- [Exercise aim] Could you restate word for word each line from the top of the listing below through the line containing "JC4U Self Designed"? Keep the pictures out.

════════════════

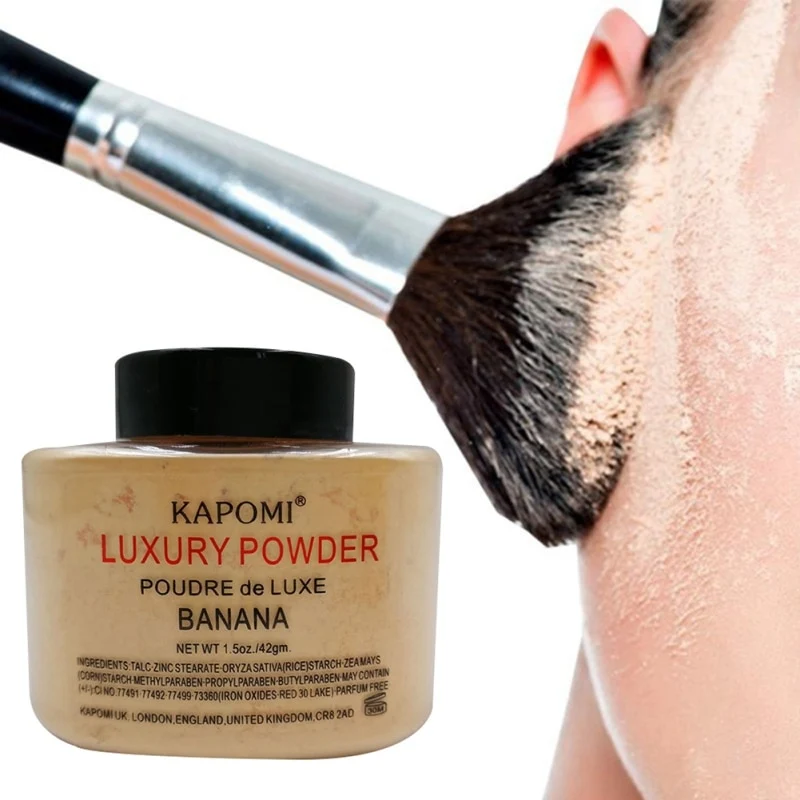 Women Banana Matte Face Smooth Loose Powder Whitening Oil Control Luxury Face Powder Foundation Beauty Makeup Long Lasting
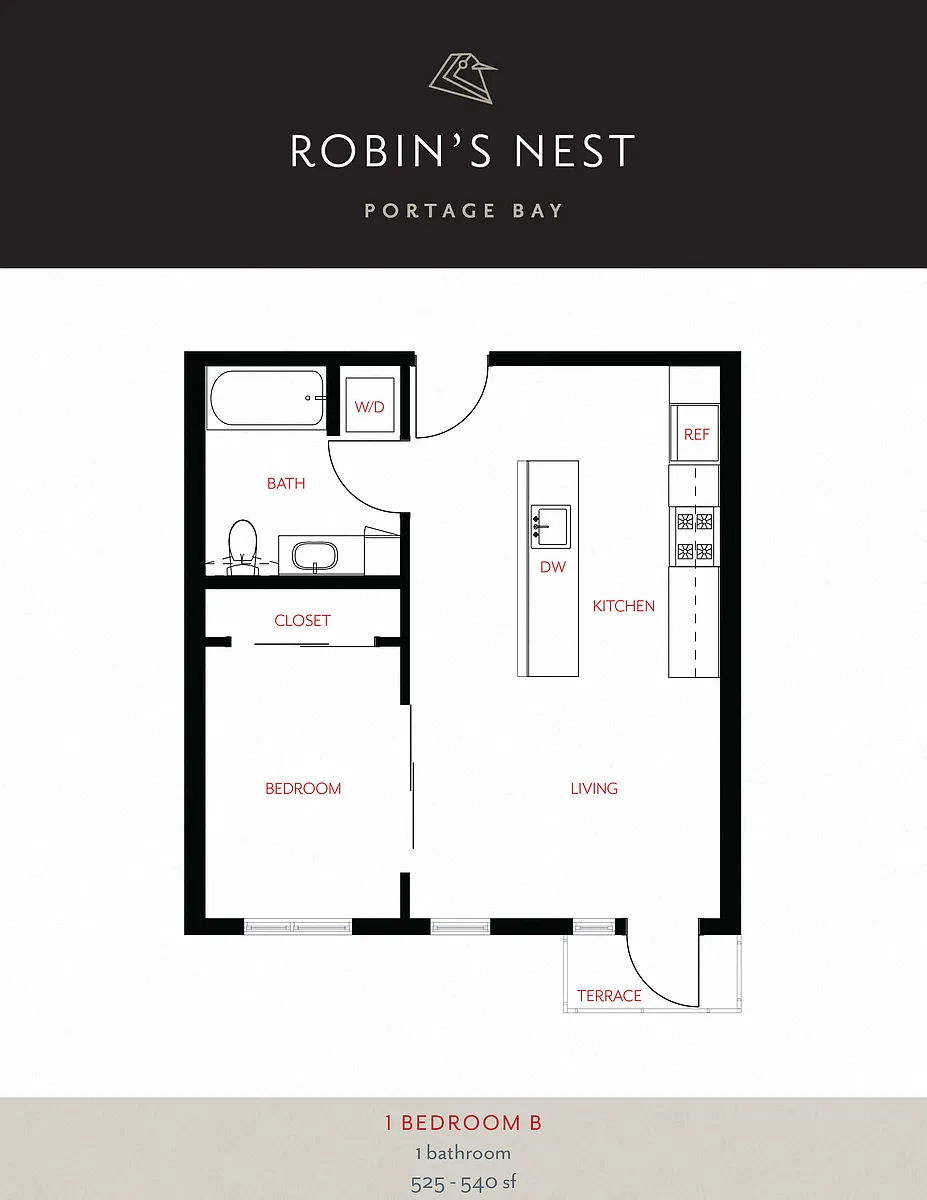 Floor plan 1 Bedroom B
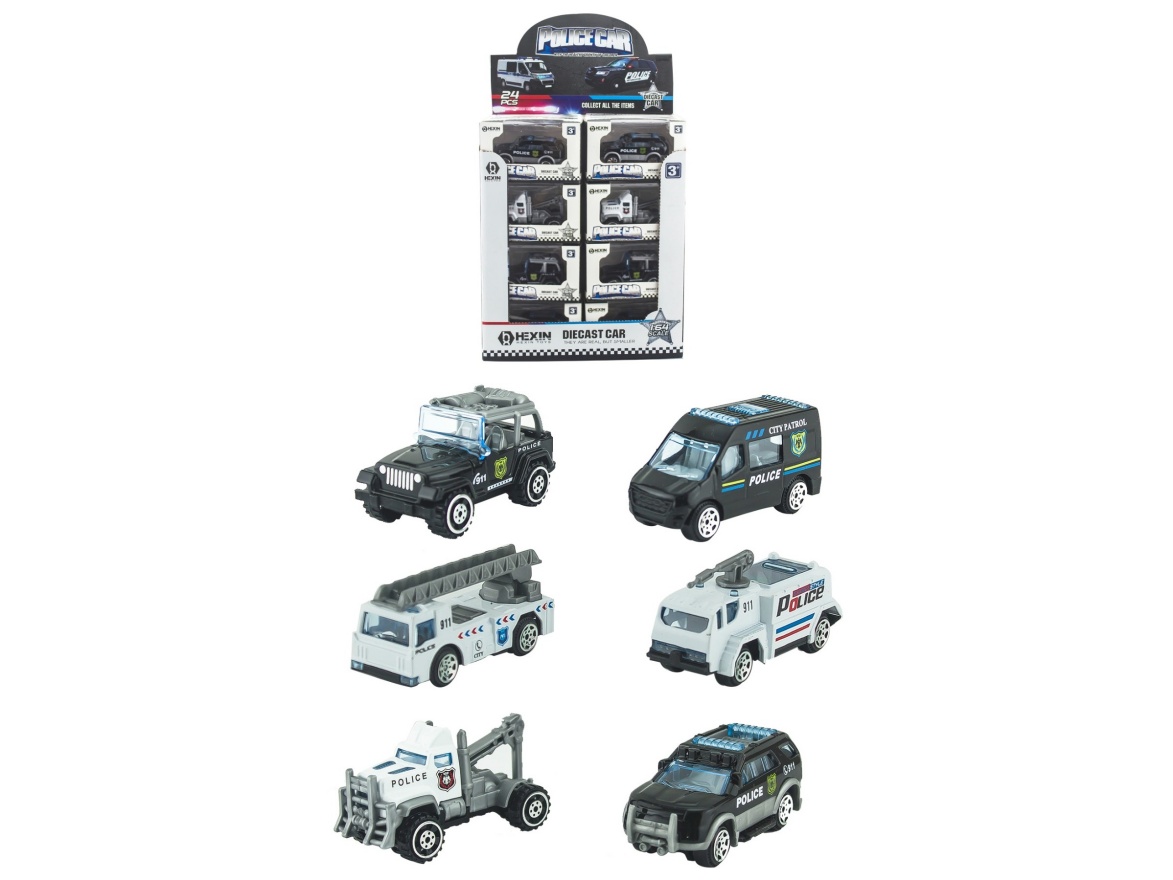 Alloy Taxi Police Car 24Pcs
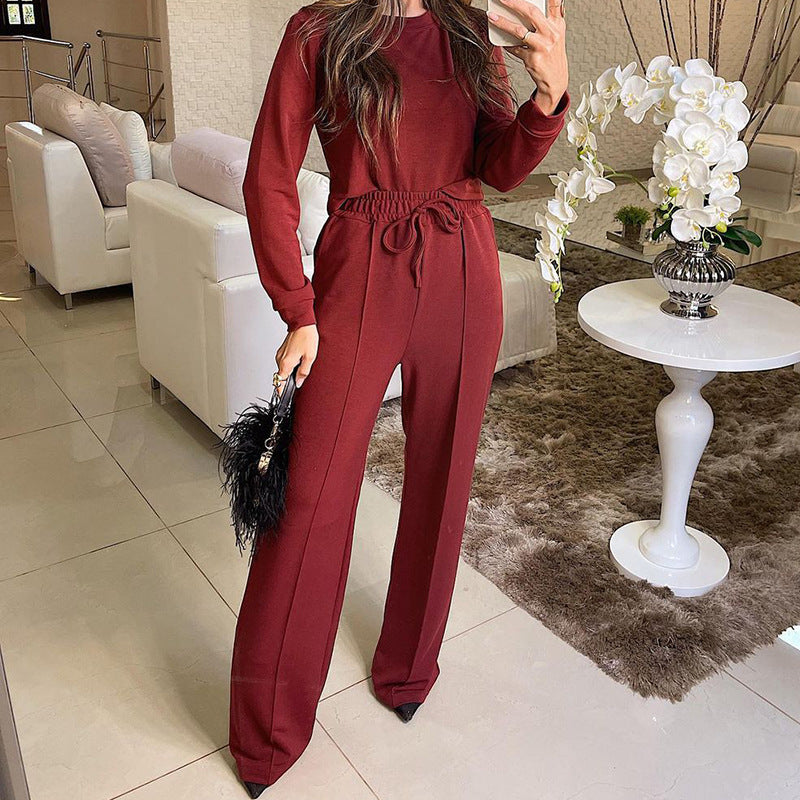 Women's elegant leisure set with high comfort and elastic waistband, size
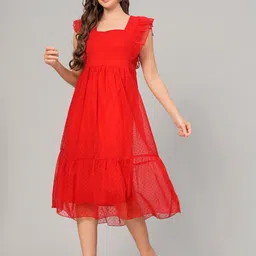 JC4U Self Designed Flutter Sleeve Georgette Fit & Flare Midi Dress image 4
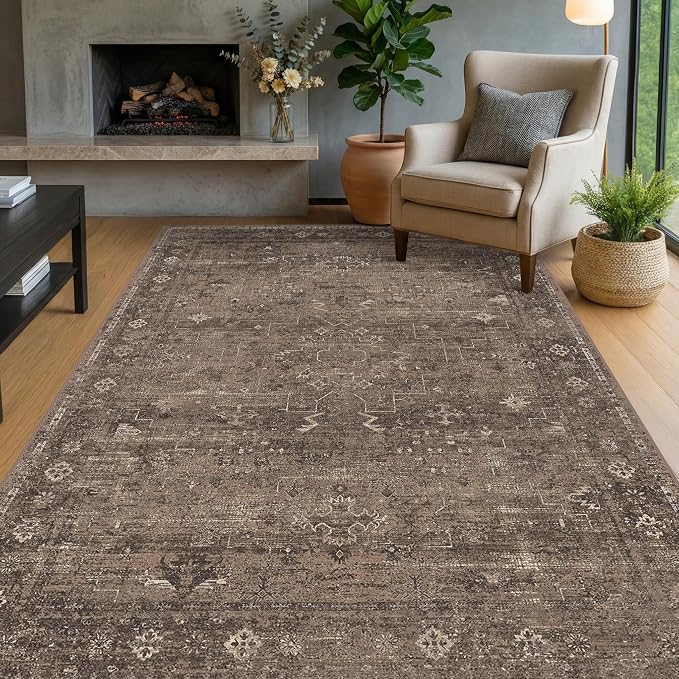 Farmhouse Brown Washable 6x9 Area Rugs for Living Room, Dark Neutral Vintage Distressed Rug for Bedroom, Non-Slip Soft Stain Resistant Carpet for Dining Room Office Décor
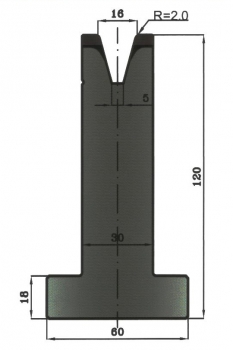 Matrize 30° V16 H: 120mm Länge: 415mm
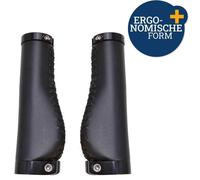 Jeu de poignées de vélo Ergo-Grip aspect cuir 135 mm noir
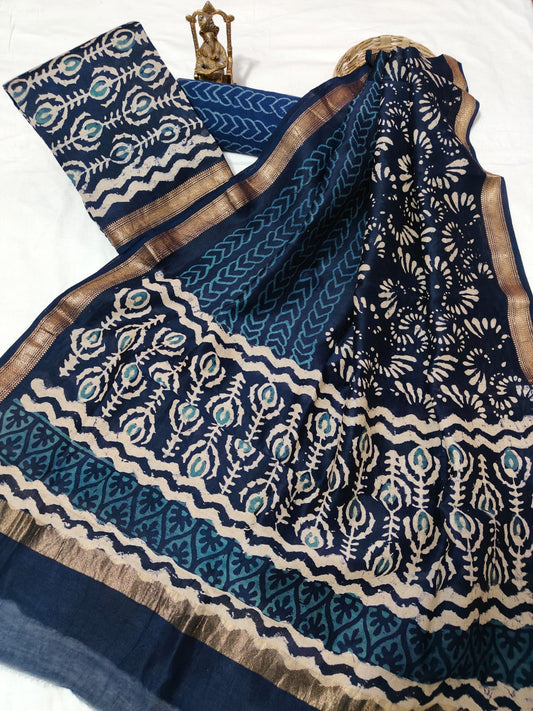 Hand block printed Maheshwari Silk zari border border silk  Suits  Set with Duppatta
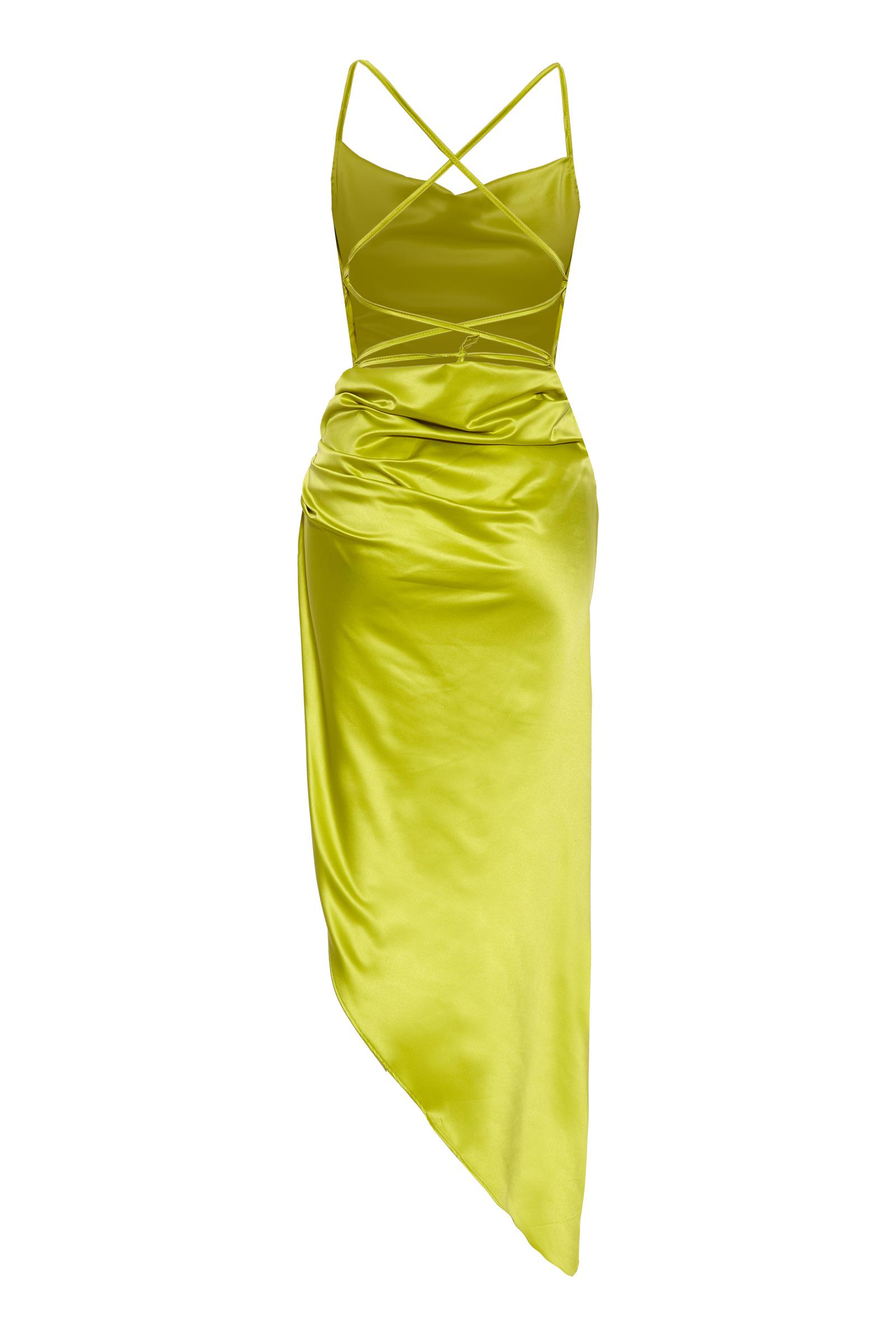 Peanut Green Satin Sleeveless Long Dress-965000-057 | Satin | KeiKei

════════════════

- [Answer to this problem]
 Women Banana Matte Face Smooth Loose Powder Whitening Oil Control Luxury Face Powder Foundation Beauty Makeup Long Lasting
 Floor plan 1 Bedroom B
 Alloy Taxi Police Car 24Pcs
 Women's elegant leisure set with high comfort and elastic waistband, size
 JC4U Self Designed Flutter Sleeve Georgette Fit & Flare Midi Dress image 4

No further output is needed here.